SOUTH SAN FRANCISCO, CA94080
X
Signatures
/s/ Miguel Carrillo, Attorney-in-Fact 10/06/2022
Signature of Reporting Person Date
Explanation of Responses:
( 1 )This Form 4 reports securities disposed of pursuant to the terms of the Agreement and Plan of Merger (the "Merger Agreement"), dated as of August 7, 2022, by and among the Issuer, Pfizer Inc., a Delaware corporation ("Parent"), and Ribeye Acquisition Corp., a Delaware corporation and a wholly owned subsidiary of Parent ("Merger Sub"), pursuant to which Merger Sub merged with and into the Issuer, with the Issuer surviving the merger as a wholly owned subsidiary of Parent (the "Merger"), effective as of the effective time of the Merger (the "Effective Time") on October 5, 2022. At the Effective Time, each share of the Issuer's common stock, par value $0.001 per share ("Common Stock"), reported in this Form 4 was converted into the right to receive $68.50 in cash (the "Merger Consideration"), without interest and subject to any required tax withholding, upon the terms and subject to the conditions of the Merger Agreement.

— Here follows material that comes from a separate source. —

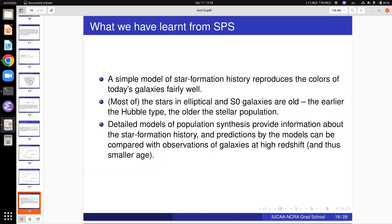What have we learned from SPS? The simple model of star formation history reproduces the colors of today's galaxies fairly well. We know that most stars in elliptical and S0 galaxies are old — the earlier the Hubble type the older the stellar population — and this can now be shown quantitatively using SPS models. Detailed models provide information about the star formation history, and predictions can be compared with observations of galaxies at high redshift to look for progenitors of existing galaxies. If SPS tells me a local elliptical formed most of its stars 10 Gyr ago, I can look at a redshift-3 galaxy forming stars vigorously as the probable progenitor.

( 2 )(Continued from Footnote 1) From and after the Effective Time, all such shares of Common Stock were no longer outstanding and were automatically canceled.
( 3 )Each restricted stock unit of the Issuer ("RSU") represented a contingent right to receive one share of Common Stock.

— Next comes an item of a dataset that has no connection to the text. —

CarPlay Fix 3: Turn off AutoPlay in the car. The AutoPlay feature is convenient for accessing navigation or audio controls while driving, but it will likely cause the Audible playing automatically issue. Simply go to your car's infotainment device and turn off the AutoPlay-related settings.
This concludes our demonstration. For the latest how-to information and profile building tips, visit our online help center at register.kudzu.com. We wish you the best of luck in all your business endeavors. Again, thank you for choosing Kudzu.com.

( 4 )Pursuant to the terms of the Merger Agreement, at the Effective Time, subject to all required withholding taxes, each outstanding RSU was canceled and converted into the right to receive an amount in cash equal to (i) the number of shares of Common Stock subject to such RSU immediately prior to the completion of the Merger multiplied by (ii) the Merger Consideration.
( 5 )Pursuant to the terms of the Merger Agreement, at the Effective Time, subject to all required withholding taxes, each outstanding option to purchase shares of Common Stock granted under an Issuer equity plan (each, an "Issuer Stock Option"), whether vested or unvested, was canceled in exchange for the right to receive an amount in cash equal to (i) the number of shares of Common Stock subject to such Issuer Stock Option immediately prior to the Effective Time multiplied by (ii) the excess, if any, of the Merger Consideration over the exercise price per share of such Issuer Stock Option. Any Issuer Stock Option with an exercise price per share that is greater than or equal to the Merger Consideration was canceled at the Effective Time for no consideration or payment.